• _DIRECTIONS FOR THIS TASK_
Transcribe each entry below exactly. Pictures do not go in the copy.

• _DATA PROVIDED_
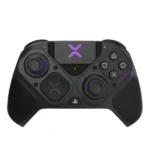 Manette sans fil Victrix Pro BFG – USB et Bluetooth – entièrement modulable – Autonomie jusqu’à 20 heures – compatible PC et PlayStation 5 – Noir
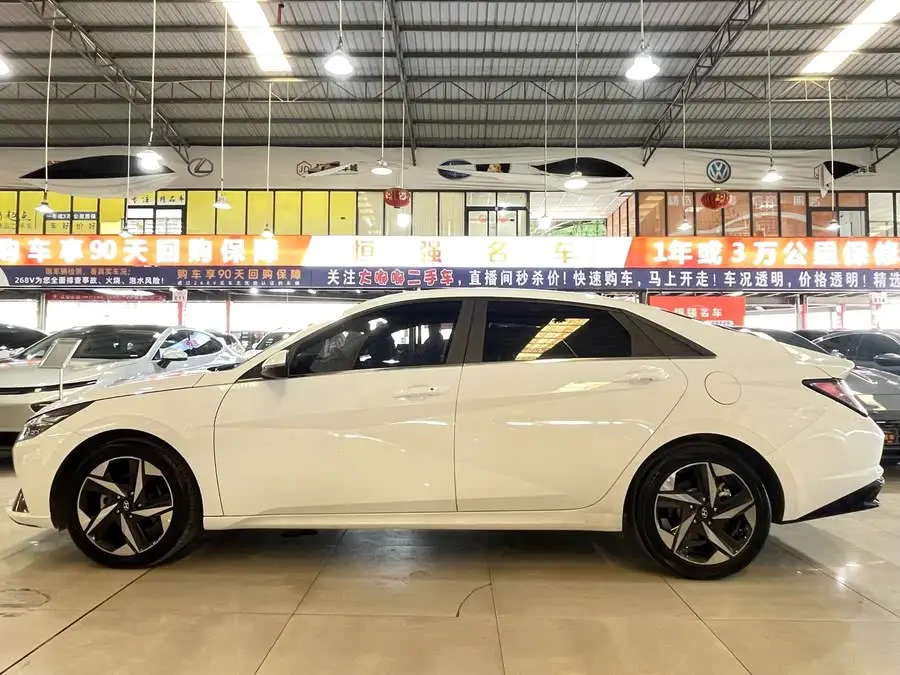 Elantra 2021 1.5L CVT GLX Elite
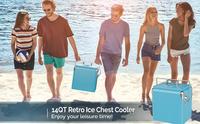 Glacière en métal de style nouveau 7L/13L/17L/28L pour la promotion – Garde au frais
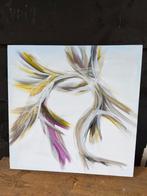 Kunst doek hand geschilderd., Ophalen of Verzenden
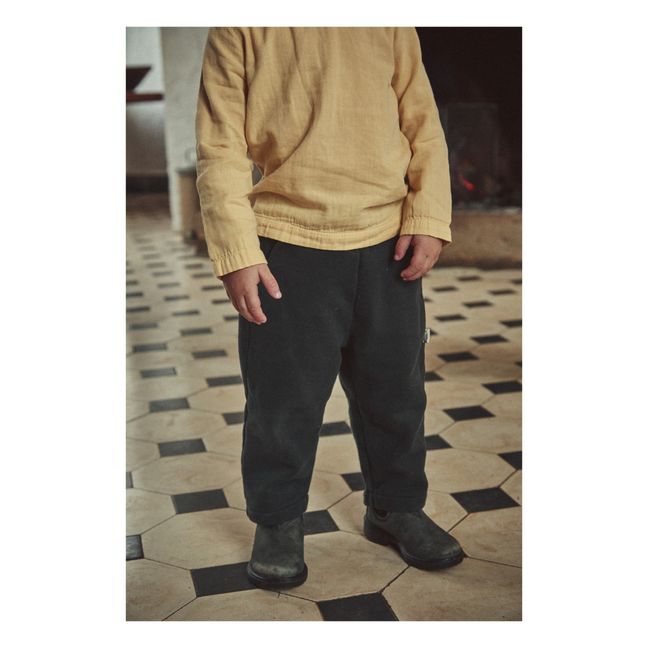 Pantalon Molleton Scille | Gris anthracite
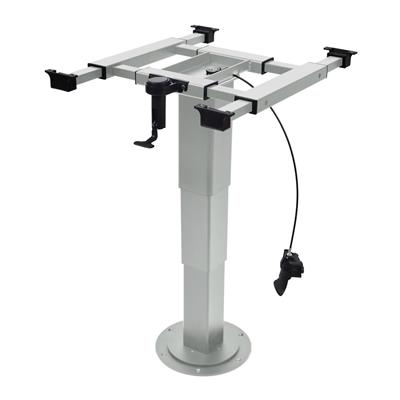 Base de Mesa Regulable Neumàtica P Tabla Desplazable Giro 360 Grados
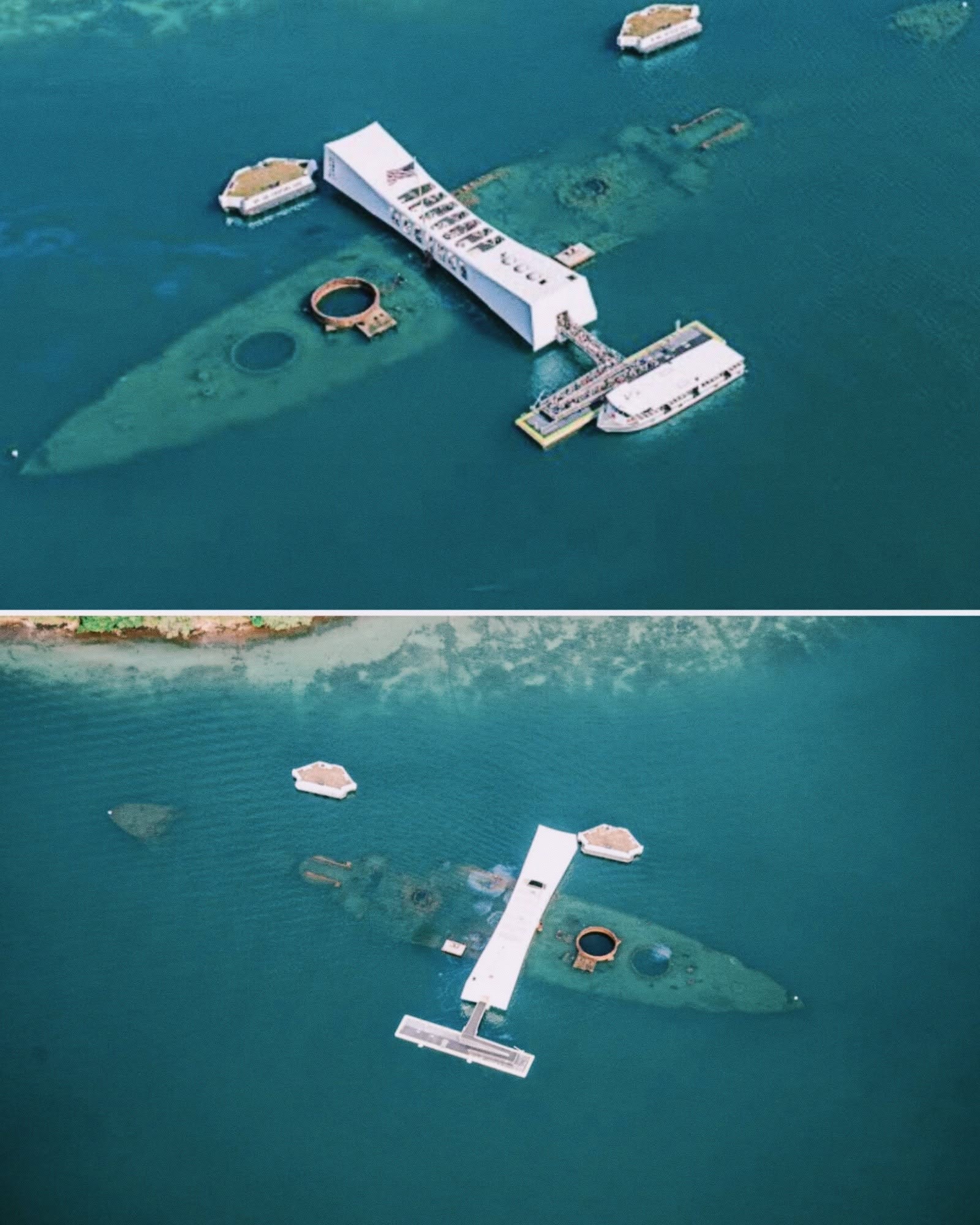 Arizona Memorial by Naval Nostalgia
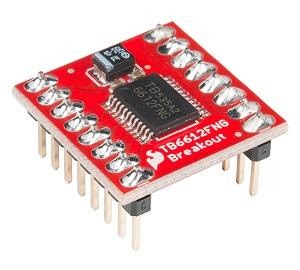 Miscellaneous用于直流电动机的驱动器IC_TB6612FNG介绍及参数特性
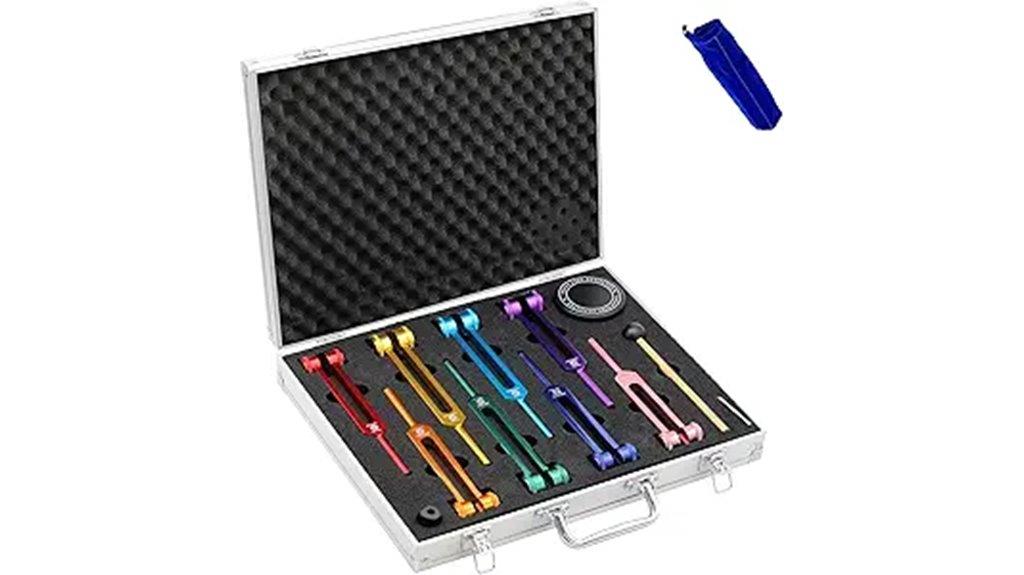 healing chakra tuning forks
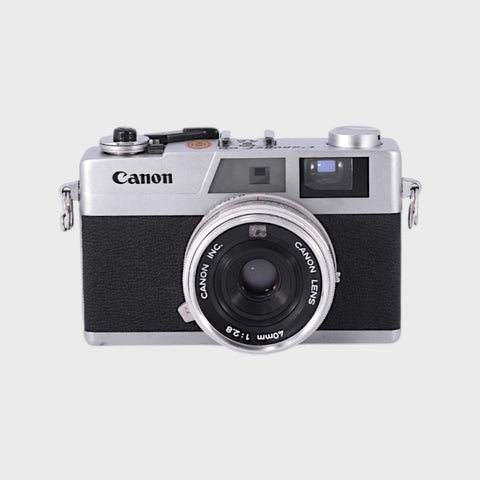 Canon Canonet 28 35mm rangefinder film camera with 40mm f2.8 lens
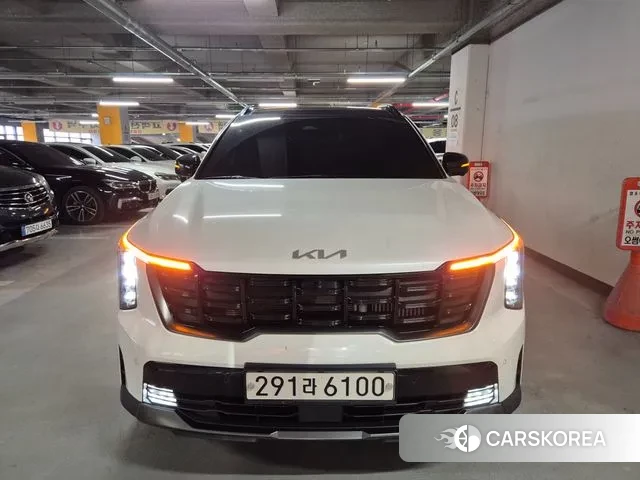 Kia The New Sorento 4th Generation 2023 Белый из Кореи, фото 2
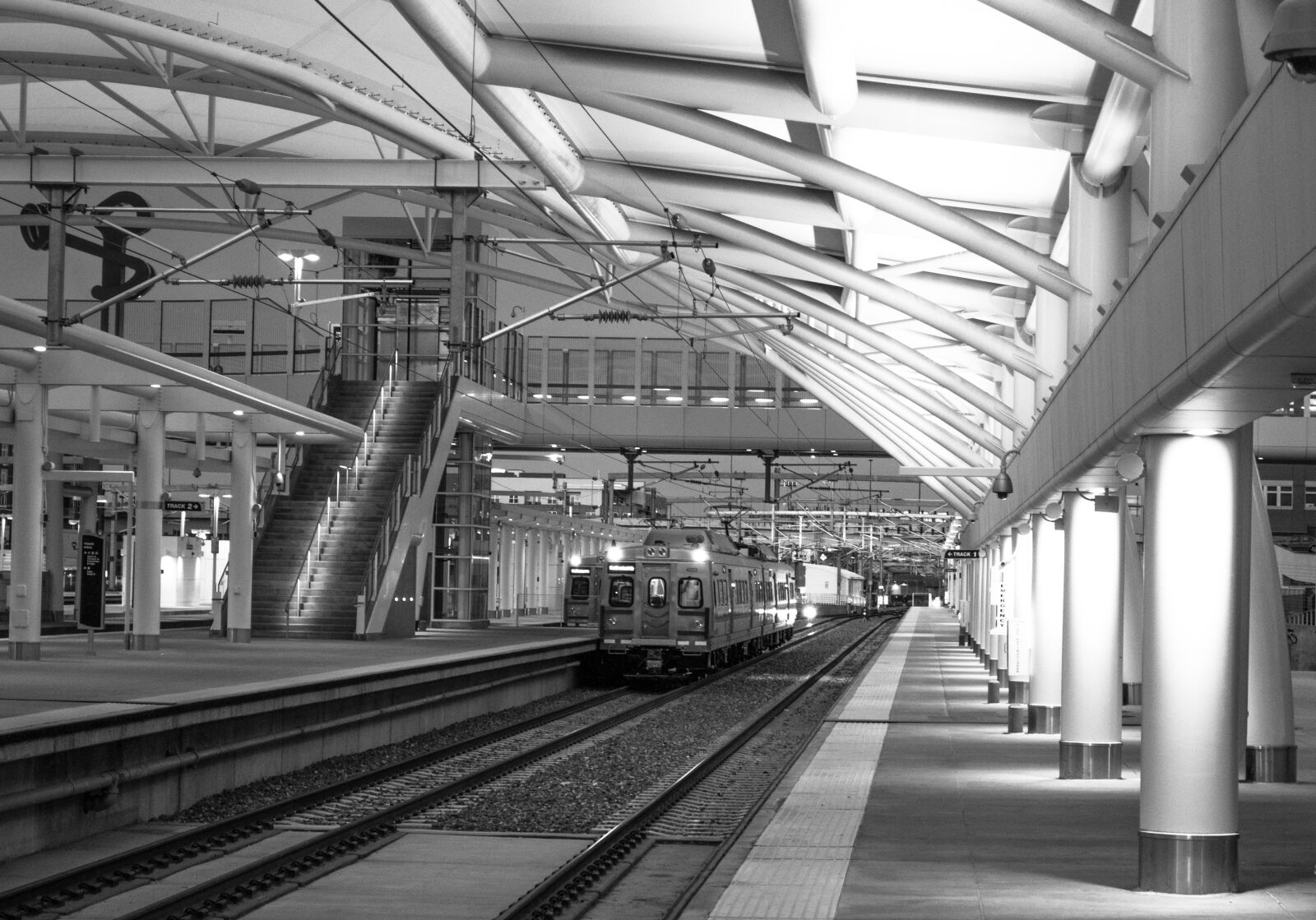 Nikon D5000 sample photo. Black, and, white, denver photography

• _EXERCISE OUTPUT_
 Manette sans fil Victrix Pro BFG – USB et Bluetooth – entièrement modulable – Autonomie jusqu’à 20 heures – compatible PC et PlayStation 5 – Noir
 Elantra 2021 1.5L CVT GLX Elite
 Glacière en métal de style nouveau 7L/13L/17L/28L pour la promotion – Garde au frais
 Kunst doek hand geschilderd., Ophalen of Verzenden
 Pantalon Molleton Scille | Gris anthracite
 Base de Mesa Regulable Neumàtica P Tabla Desplazable Giro 360 Grados
 Arizona Memorial by Naval Nostalgia
 Miscellaneous用于直流电动机的驱动器IC_TB6612FNG介绍及参数特性
 healing chakra tuning forks
 Canon Canonet 28 35mm rangefinder film camera with 40mm f2.8 lens
 Kia The New Sorento 4th Generation 2023 Белый из Кореи, фото 2
 Nikon D5000 sample photo. Black, and, white, denver photography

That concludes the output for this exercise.